Important : Dans les pays anglo-saxons c’est le signe moins « - » qui remplace parfois le « m ». Ex : C-, Eb -. Toutefois, ce signe là étant équivoque, il est déconseillé de l’utiliser ; le « - » étant employé pour signaler qu’une quinte est diminuée. Ex : C-5 (do, mi, sol b)

Le « + » (plus), signifie augmenté. La tierce qui définit l’état de l’accord (majeur ou mineur) en est exclue, tout comme la septième. Le cas le plus fréquent est celui de la quinte. Ex : C + (do, mi, sol #). Il n’est pas nécessaire d’écrire le chiffre 5, symbole de la quinte. Le « + » est parfois remplacé dans les éditions françaises par « aug » ou « # ».

Le « o » (petit cercle) désigne seulement les accords de septième diminuée. Il figure toujours après le nom de la note, et en haut.

Quand il est barré, il indique un accord min. 7b5 (ou demi-diminué). Ex : do, mi b, sol b, si b.

Le « b » s’emploie aussi pour indiquer une quinte diminuée (ex C b5 : do, mi, sol b) ou une neuvième mineure (ex C 7 b9 : do , mi sol, si b, ré b)

Le « # » s’emploie aussi pour indiquer des intervalles augmentés. Il se place en haut devant la neuvième (#9) et la onzième (#11)

La codification que je viens de vous décrire est la plus courante. Mais pour être complet, je dois évoquer plus en détails les autres intervalles. A savoir les chiffres 6, 7, 9, 11 et 13.


LES ACCORDS AVEC 6, 7, 9, 11, 13

Quand ils sont employés seuls, les chiffres 6, 9 et 13 indiquent respectivement une sixte, neuvième et treizième majeure.

Le chiffre 7 est un cas particulier, car sans être accompagné d’aucun autre signe (comme par exemple le M majuscule), il désigne toujours une septième mineure.

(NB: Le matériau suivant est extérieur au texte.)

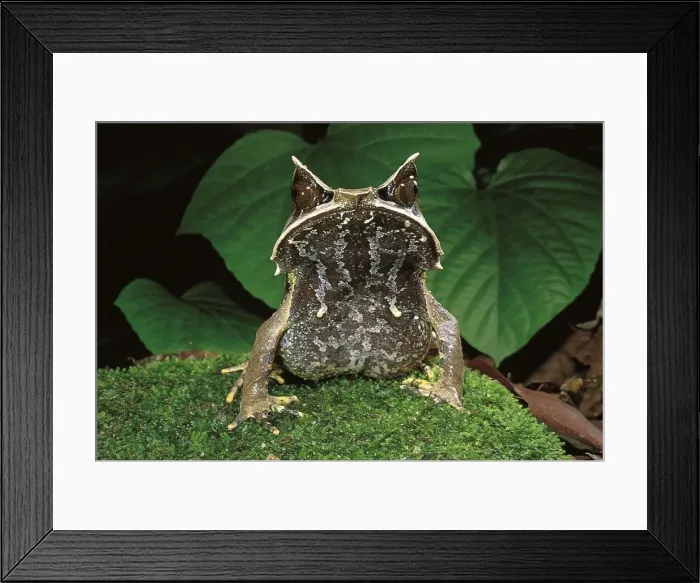 Framed Print : Picture No. 10870710 Framed Print : Picture No. 10870710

Reste le chiffre 11 (pour onzième), employé seul (sans altération), il indique une onzième juste (« juste », étant donné que cet intervalle correspond à une quarte juste redoublée).

IMPORTANT

Quand le chiffre 9 est placé tout de suite après le nom de la note (C9), il inclut (ou sous-entend) l’utilisation – possible mais pas obligatoire – d’une septième mineure (jamais majeure, car dans ce cas elle doit être écrite : Ex : C 7M 9)

Quand le chiffre 11 est placé tout de suite après le nom de la note (ex C11), il inclut (ou sous-entend) l’utilisation de la septième mineure et de la neuvième majeure. Quant au chiffre 13, il inclut toujours la septième mineure et généralement la neuvième majeure (quand les accords sont majeurs). Après un accord mineur, le chiffre 13 inclut 7e, 9e et 11e.


QUELQUES CAS D’ÉCRITURE


LES PARENTHÈSES : vous rencontrerez parfois dans l'écriture des accords des codifications écrites entre parenthèses. Elles indiquent les changements, les additions ou les altérations qui peuvent se rajouter (sans être obligatoire) à l’accord de base. Ex : C (b9) ou C (add9).

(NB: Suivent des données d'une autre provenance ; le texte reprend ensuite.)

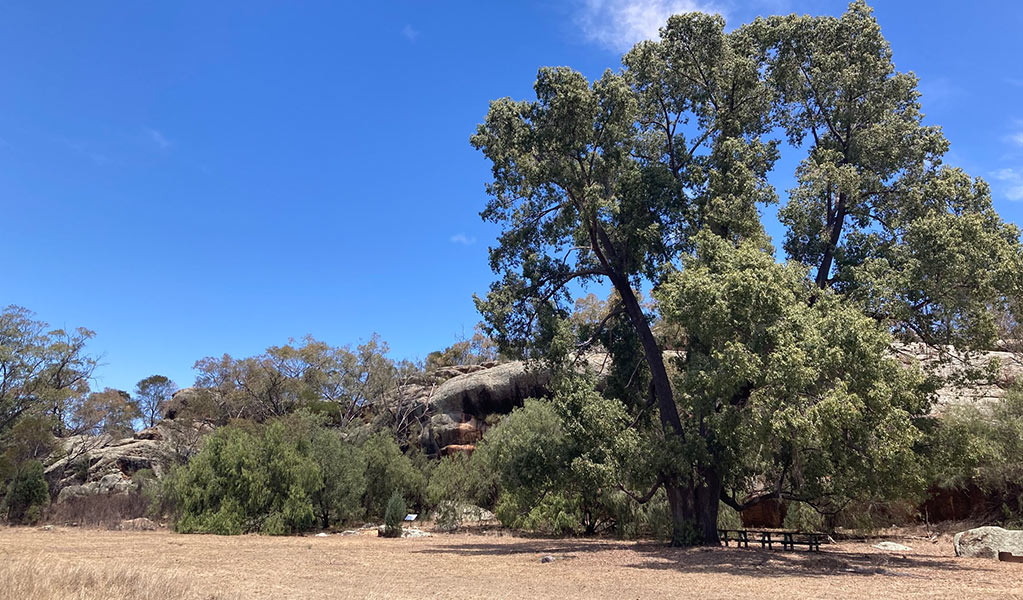 Snake Rock surrounded by vegetation and a tall tree in Snake Rock Aboriginal area. Credit: Wayne Miller &copy; DPE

ADD : il indique l’addition d’une note étrangère à un accord. Il est toujours indiqué entre parenthèses. Ex : C (add 9) = do, mi sol, ré.

OMIT : il indique l’omission d’une note dans un accord. Ex : C7 (omit 3) = do, sol, si b (la tierce a été otée).

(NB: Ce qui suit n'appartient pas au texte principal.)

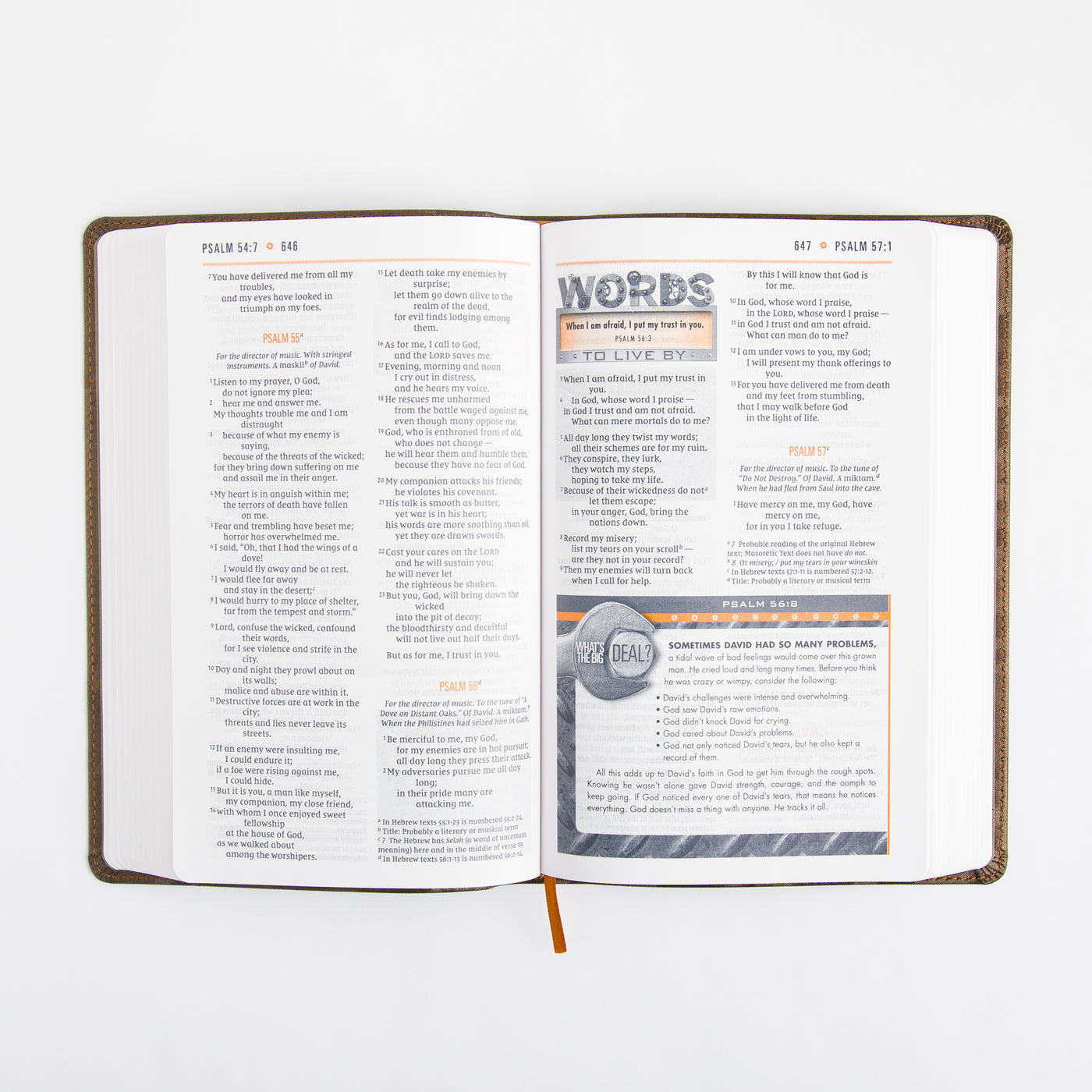 NIV Boys Bible - Leathersoft - Brown Camo - Comfort Print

PUR : cas d’écriture rare provenant du jazz. Il indique au musicien qu’il doit jouer l’accord sans l’enrichir. Il doit être joué tel qu’il est écrit sur la partition.

SUS : signifie "suspension" ou "retard" en anglais. Le « sus » sert souvent d’accord intermédiaire précédant le 7e. Le retard le plus fréquent est celui de la tierce remplacée par la quarte. Ex C7 sus = do fa, sol, si b.